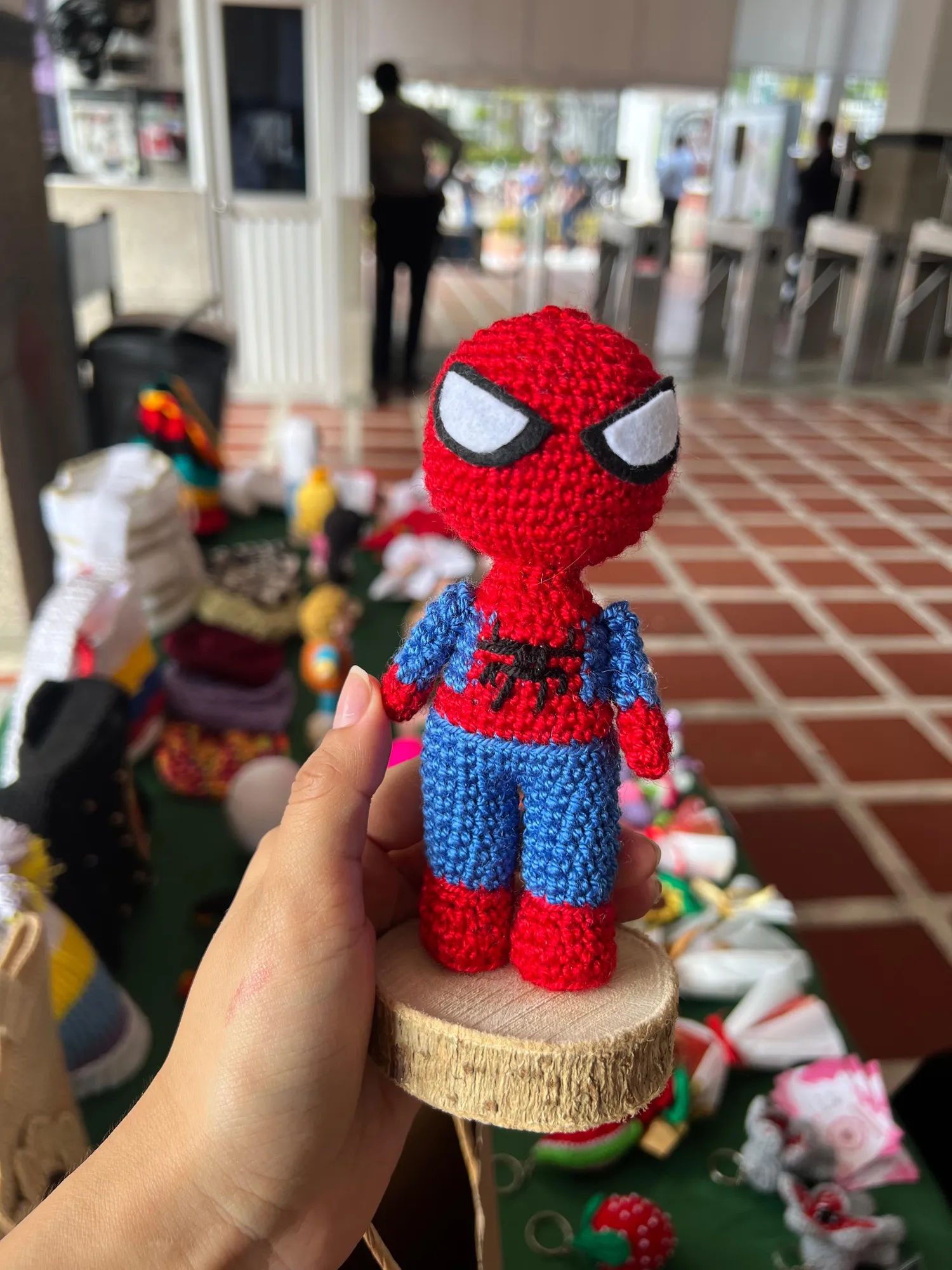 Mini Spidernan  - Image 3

--

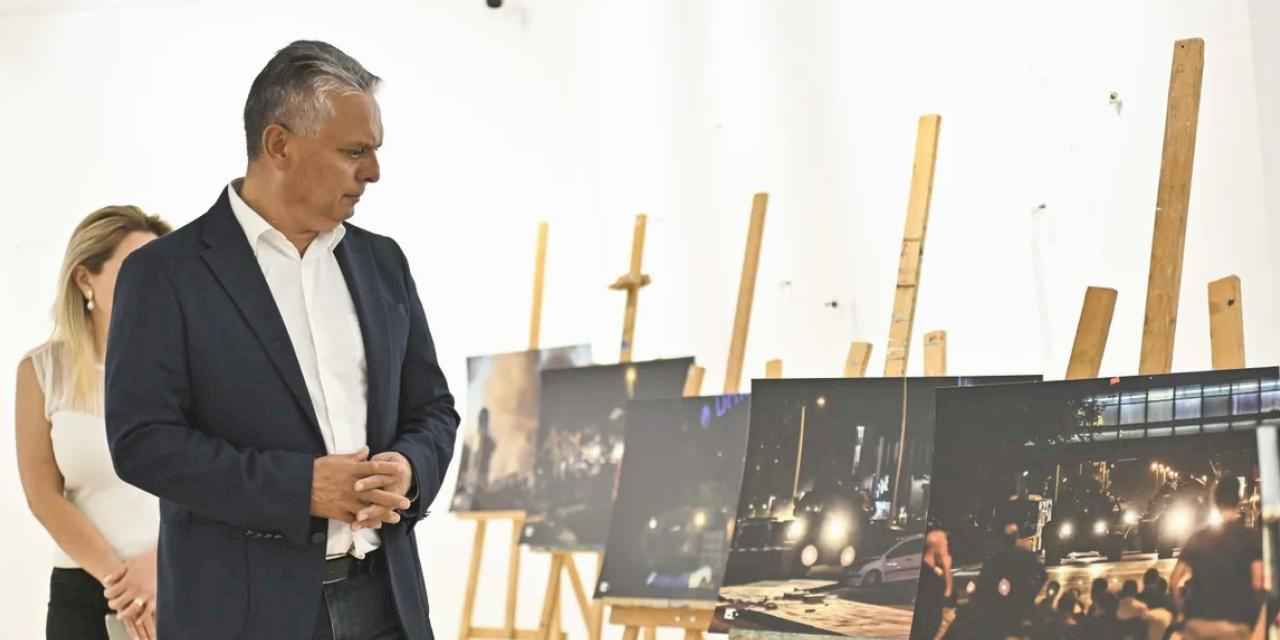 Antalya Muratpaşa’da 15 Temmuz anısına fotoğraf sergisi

---

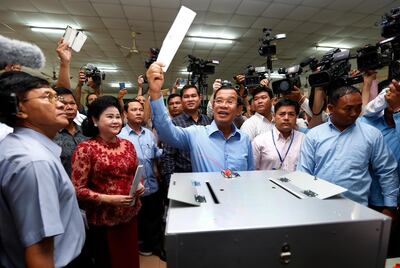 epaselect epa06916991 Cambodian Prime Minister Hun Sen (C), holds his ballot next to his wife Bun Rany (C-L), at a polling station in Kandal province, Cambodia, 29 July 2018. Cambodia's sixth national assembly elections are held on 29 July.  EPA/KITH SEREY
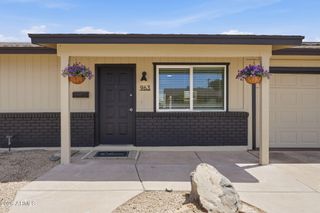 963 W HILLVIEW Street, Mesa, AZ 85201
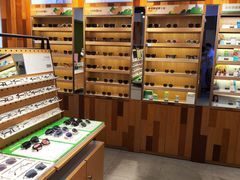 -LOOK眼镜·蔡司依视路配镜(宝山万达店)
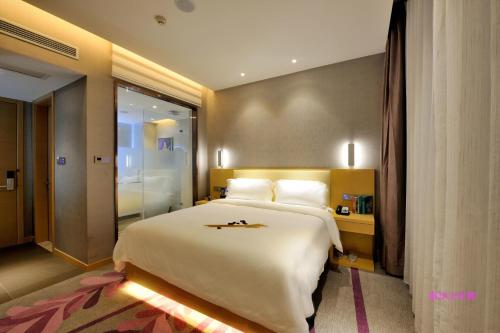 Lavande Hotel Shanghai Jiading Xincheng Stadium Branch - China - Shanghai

What this task involves:
Look above for the line with "-LOOK眼镜·蔡司依视路配镜(宝山万达店)", then give again exactly every line from there through the line with "Lavande Hotel Shanghai", skipping the pictures.

Result:
 -LOOK眼镜·蔡司依视路配镜(宝山万达店)
 Lavande Hotel Shanghai Jiading Xincheng Stadium Branch - China - Shanghai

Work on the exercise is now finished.